The problem with such a general statement about sales objections and buying signals is that it can't be true for all sales objections. The first reason for this is that not all objections to a sale are questions. If you try to close a sale and the prospect says they don't want your product, or they want to think about it, these are not questions. I don't see how this is an indication of a prospect's interest in your product. If I receive these types of responses to a closing question I don't think, 'Oh Great! That's a really positive buying signal.'

So when is a sales objection a buying signal.

An objection could be an indication of a sales prospect's interest in your product when it is presented in the form of a question. For example if a buyer asks about additional cost, add-ons to the product, or delivery times, they are showing an interest. They wouldn't ask these questions unless they were thinking about going further along the decision making process. So the old traditional view of all sales objections being buying signals is not completely true because it is too general and we can see that some objections are not requests for information, they are obstacles to the sale. But when a prospect raises an objection in the form of a question then yes, it is a buying signal, and as long as you can answer it you should see it as a positive.
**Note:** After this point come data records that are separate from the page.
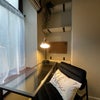 Photo 4: Workstation 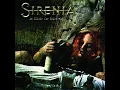 Seven Sirens and a Silver Tear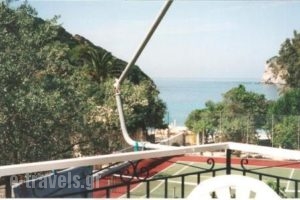 Villa Spiros_accommodation_in_Villa_Ionian Islands_Corfu_Palaeokastritsa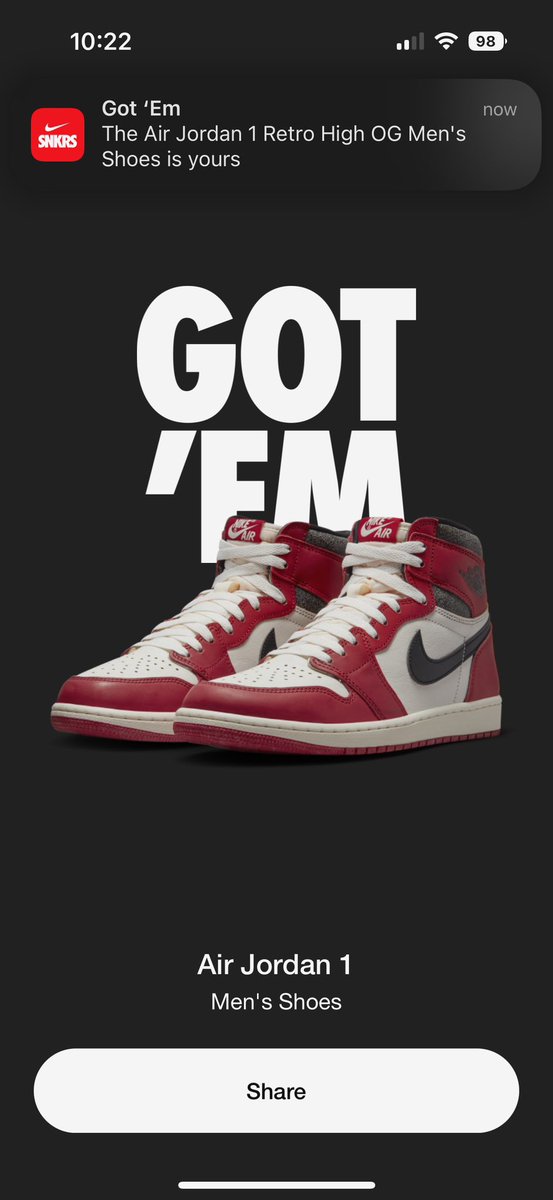 JKWooTop's tweet photo. @SOLELINKS Got’em https://t.co/Vxz2jYOAAH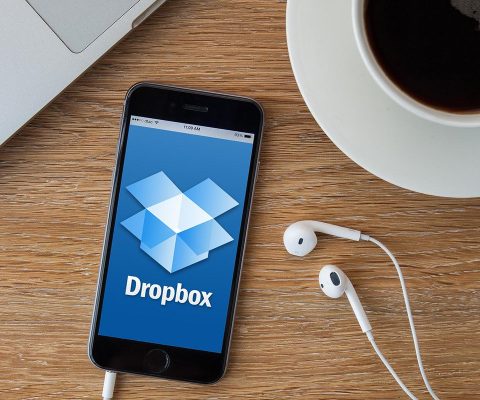 Avant d’entrer en bourse, Dropbox s’allie avec Google Cloud et Gmail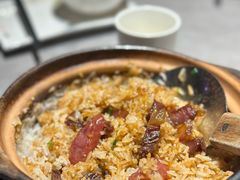 -啫神·广州地标美食(北京路店)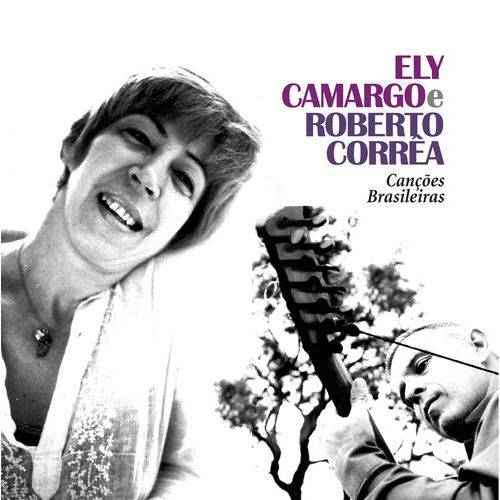 Roberto Corrêa e Ely Camargo - Canções Brasileiras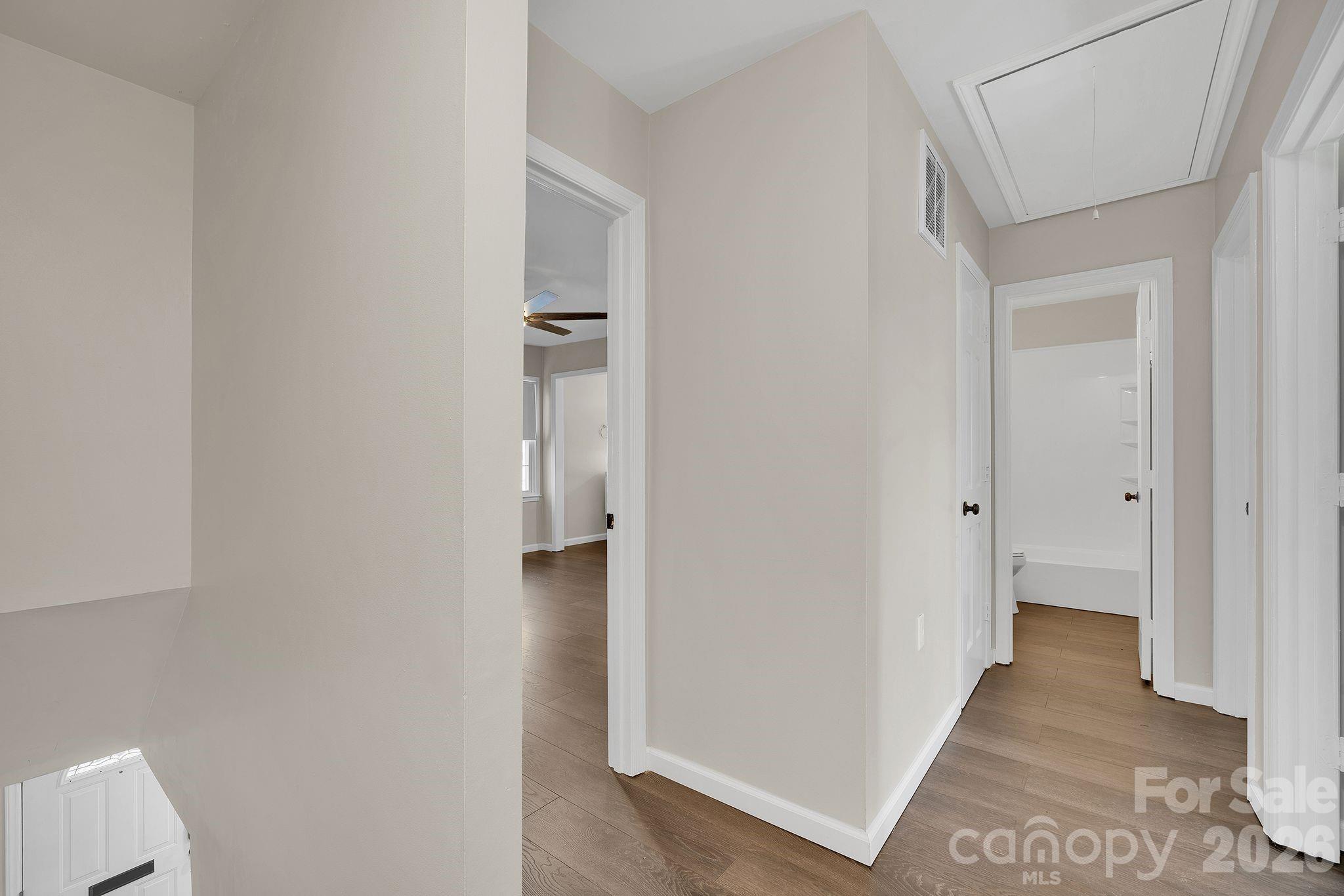 Sharon South - Residential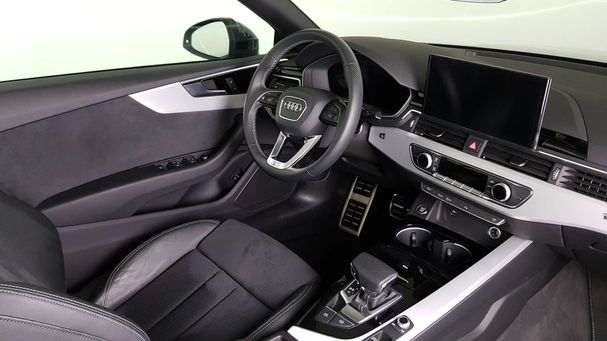 Audi A5 40 TDI quattro S-line Cabrio 150 kW image number 6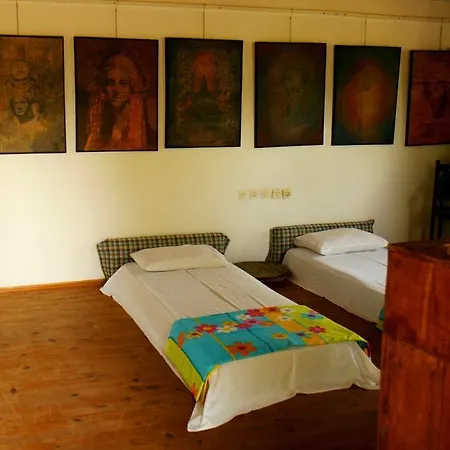 Гостевой дом Eco-art Farm *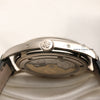 Patek Philippe 18K White Gold Moonphase Second Hand Watch Collectors 6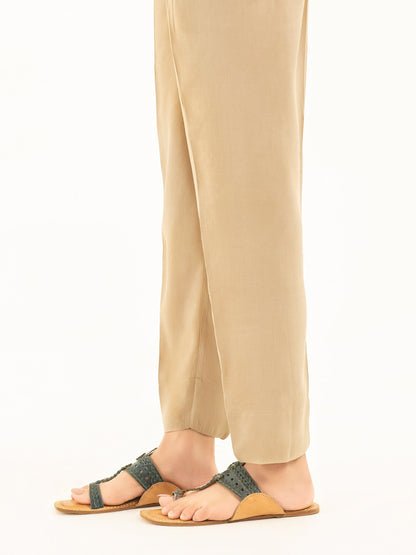 Limelight - Dyed Crepe Trousers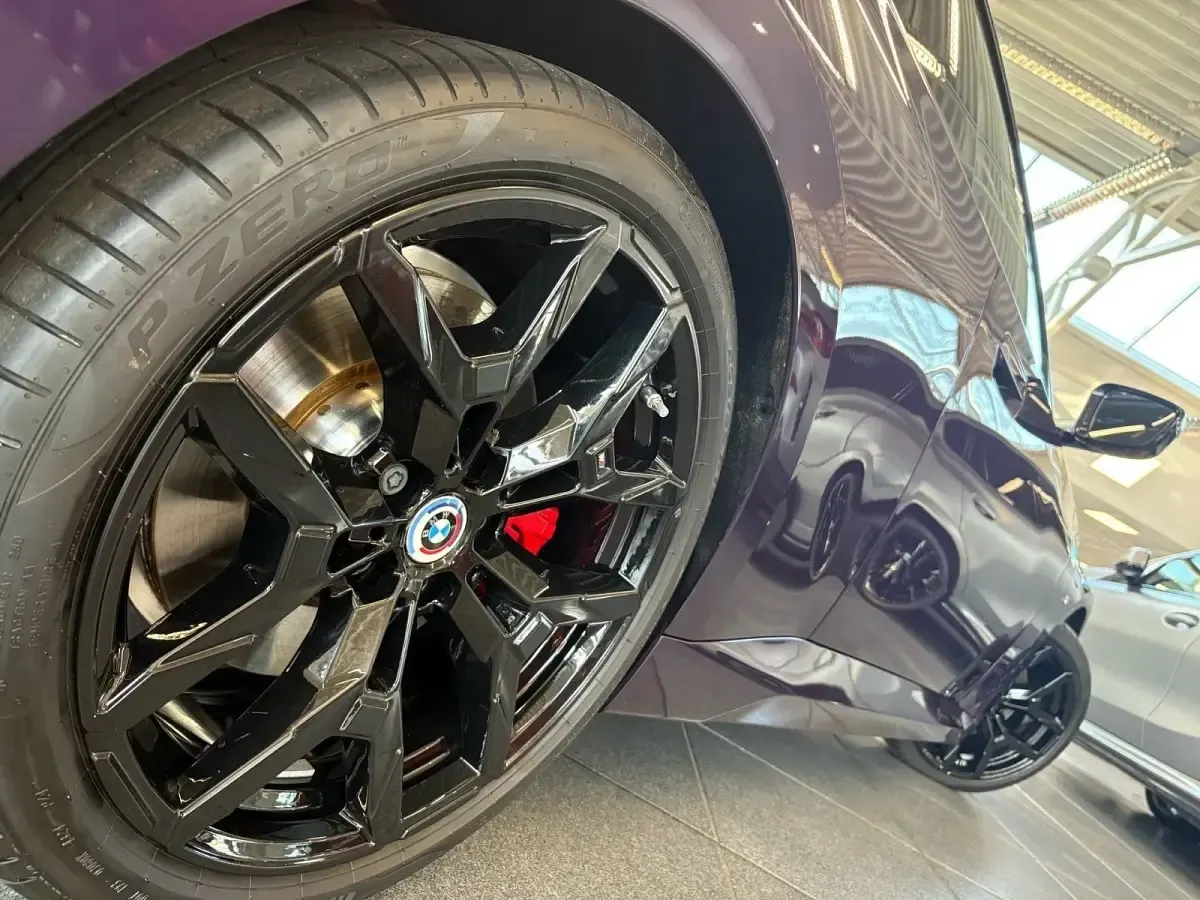 Gebraucht BMW 230 M Sport 258 PS (189 kW) 2025 Violett Coupé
The best way to handle any objection is to anticipate it and, if possible, make sure that it never intrudes into the sales discussion. Once a thought has been expressed by a prospect it becomes harder to eradicate. This is because the prospect has placed himself on record and is unlikely to recede easily from his position.

Objections that are raised to price are probably the most frequent of all honest reasons for prospects refusing to buy. It's important to understand where the price objection is coming from, before you can handle it effectively.

Sometimes a prospect will object to price because it is simply more than he can afford to pay. The products or services are too expensive and the buyer can only afford something of a cheaper grade. As the salesperson, it is your duty to enrich the prospect with the knowledge of how the purchase of a quality item will be more economical in the long-term as opposed to buying the cheaper article of a lesser grade.


* "Compared to what?"

* "You know that our quality is the highest you can find, which means that you pay much less over the life of the product.